While I generally follow the seismic interpretation and understand the technical aspects of the potential field modeling, I have some concerns regarding the gravity and magnetic models. Some of these concerns may possibly be resolved by adding appropriate clarification or documentation; others may require some more significant changes. The main issue is how the top lower crust and Moho depth are constrained, which is not properly documented. Furthermore, the general modelling approach is unclear (what was the basis for the decision-making of which data to fit and which structures to perturb). One of the four analyzed profiles in this paper is assigned a different density in the lower crust (Why?), and all densities appear to be inconsistent with those published in Ponikowska et al. (2024), which are crossing the profiles. All of these profiles are later used together in the same inversion scheme. As a result, I argue that the Moho depths across the various profiles are not directly comparable due to these inconsistencies. Additionally, I would expect to see better integration with other seismic lines in the region and a more in-depth discussion of why different Precambrian terranes may have responded differently to rifting. It would also be helpful to integrate and discuss how this affects our understanding of the STZ/TTZ — or more broadly, the margin of the EEC from the surface to the base of the lithosphere.
General Comments
Gravity/Magnetic Modeling Approach:
I have several questions about the overall modeling approach. The paper provides a general explanation of how gravity and magnetic modeling were performed and work, but does not describe the specific strategy adopted in this study. It’s also unclear what constraints were applied and how/to what degree — beyond the shallow seismic reflection lines, there should be other, sometimes deep adjacent seismic lines, and how the parameters or parameter ranges were selected.

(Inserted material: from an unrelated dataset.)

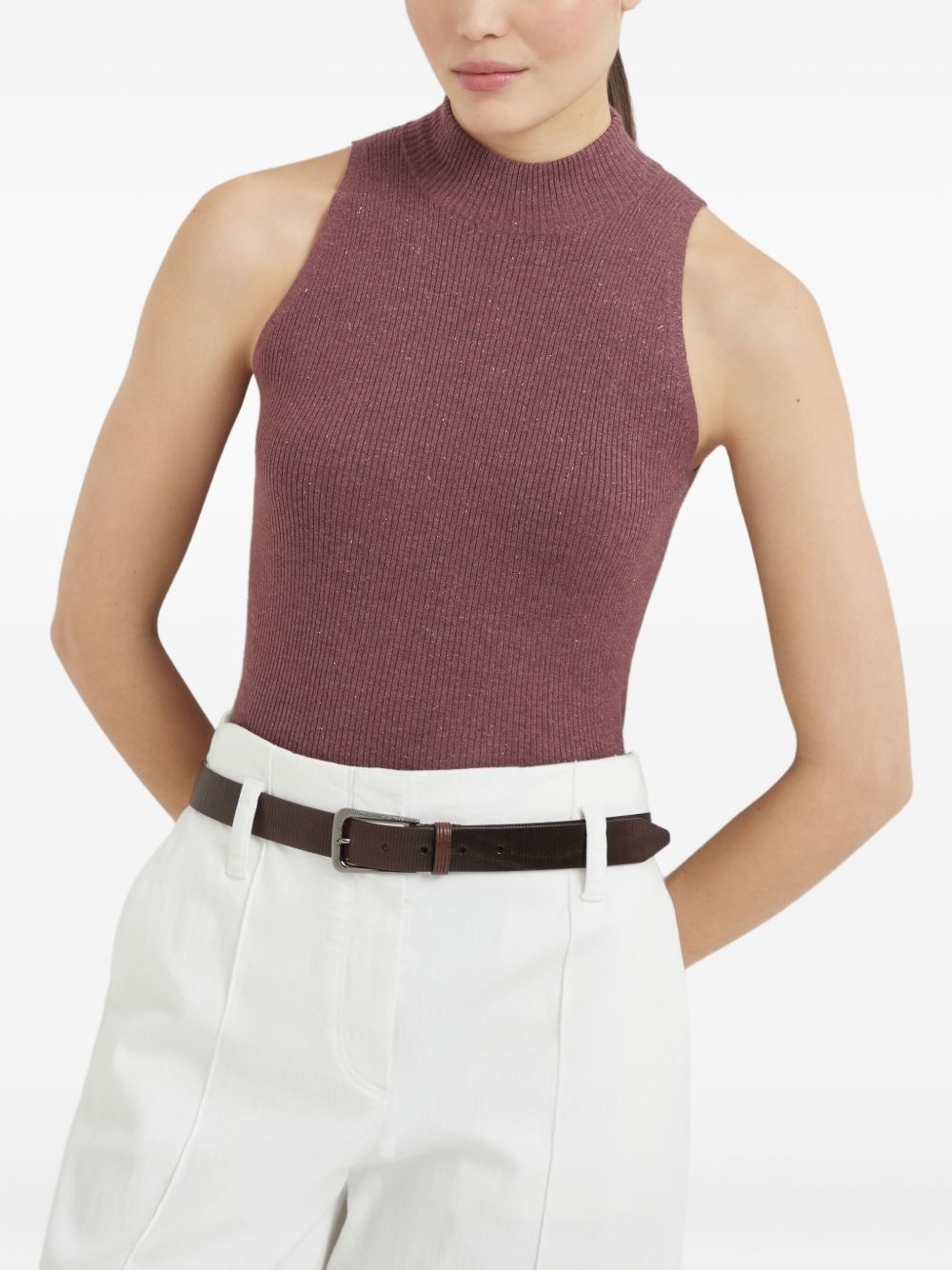 knitted top - 5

Other Seismic Lines in the Study Area
In discussing and comparing crustal structure, other seismic lines beyond Ponikowska et al. (2024) may be discussed in more detail — potentially PL1-5600, PQ2-91, BASIN9601, the BalTec refraction line, and the BABEL lines. These lines intersect or approach the modeled area and are notably absent from the interpolated models of top basement, Moho depth, and crustal thickness.

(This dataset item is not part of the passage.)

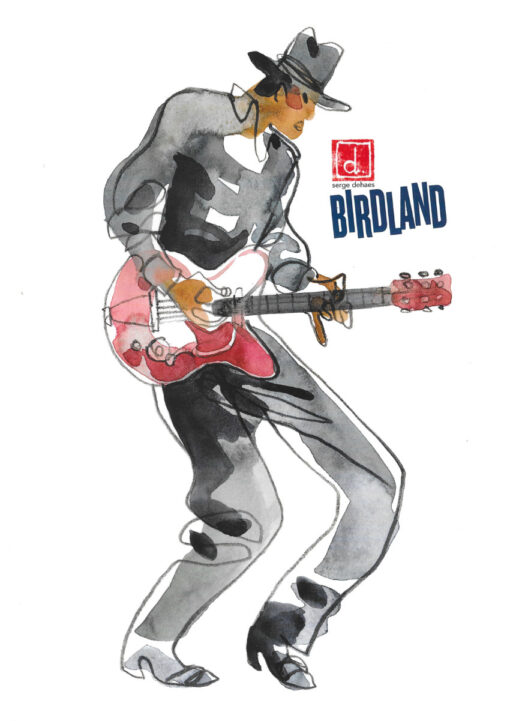 Birdland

EEC Margin, STZ–TTZ, Trans-European Suture Zone
For a complete discussion of the EEC boundary's width and complexity, the authors should include the most recent literature — including work by some co-authors of this paper — and extend the discussion into the sub-crustal domain. Consider incorporating the Sorgenfrei–Tornquist Zone and the so-called “Tornquist Fan,” which represents an equally complex transition. This is critical, as lithosphere-scale processes can reveal structural complexity that’s not visible in crustal data alone.
Other General Comments
Detailed Comments (with possible repetition from general comments):
To summarise: What exactly was the modeling approach? How were the Moho and lower crust interfaces defined and adjusted? Was priority given to gravity or magnetics, and why? Why were Moho depths not perturbed when unconstrained? Many long-wavelength gravity anomalies could be addressed with Moho changes. The approach may be fine, but it needs to be explicitly laid out.